En 1979, Aznar lamentó que “las calles dedicadas a Franco y a José Antonio lo estarán a partir de ahora a la Constitución”

Desde luego, los lectores del diario La Nueva Rioja que, el 13 de febrero de 1979, paladearon una pieza de opinión donde se arremetía contra el “llamado consenso”, se descalificaba el proceso constituyente por opaco y de resultado ambiguo y se intentaba asustar a “aquellos que se sienten atraídos por ideales nuevos y por soluciones moderadas y reformistas”, esos lectores no creyeron que el desconocido firmante, un tal José María Aznar López, fuese un abnegado defensor del presidente Suárez. Tampoco unos meses después, cuando, tras las elecciones municipales de aquella primavera, el mismo articulista lamentó que “las calles dedicadas a Franco y a José Antonio lo estarán a partir de ahora a la Constitución”.

No, no fueron pecadillos de juventud.
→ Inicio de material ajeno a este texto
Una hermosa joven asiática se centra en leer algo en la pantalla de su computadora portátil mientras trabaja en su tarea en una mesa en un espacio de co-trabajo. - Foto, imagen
Tras haber calificado de “charlotada intolerable” el sistema autonómico, un Aznar convertido ya en dirigente nacional de AP siguió propugnando la reforma del Título VIII de la Constitución por lo menos hasta 1982, lo cual no parece mostrar demasiado respeto por la Transición suarista. En cuanto a las relaciones políticas con Adolfo Suárez, Alianza Popular vio la caída de este como una circunstancia favorable a la configuración, entre UCD y AP, de la mayoría natural que Fraga predicaba. Y la fugaz resurrección política de Suárez entre 1986 y 1990, a bordo del CDS — “la bisagrita de Suárez”, lo llamaron los aliancistas— fue acogida desde la calle Génova con enorme hostilidad, como un obstáculo más en el interminable camino hacia La Moncloa.

Así pues, que Aznar se presente hoy como émulo, heredero y hasta guardián del espíritu de Suárez constituye una enorme impostura, solo imaginable en un país sin memoria. Lo que AP y Aznar hicieron fue comprar, en diversos lotes, los restos del naufragio de la Unión de Centro Democrático y de sus partidos sucesores. Restos, eso sí, debidamente depurados de cualquier defensor genuino del centrismo y la concordia (y si no, que le pregunten a Miguel Herrero y Rodríguez de Miñón). Esto, y fichar en 2002 al primogénito del duque para la fracasada aventura castellano-manchega, lo cual permitió arrastrar al expresidente a algún acto electoral y fingir ahora que era del PP.

¿Aznar, discípulo de Suárez? Allá en su tumba de Perbes, don Manuel Fraga debe de mascullar: “¡Ingrato!”.

Joan B. Culla i Clarà es historiador.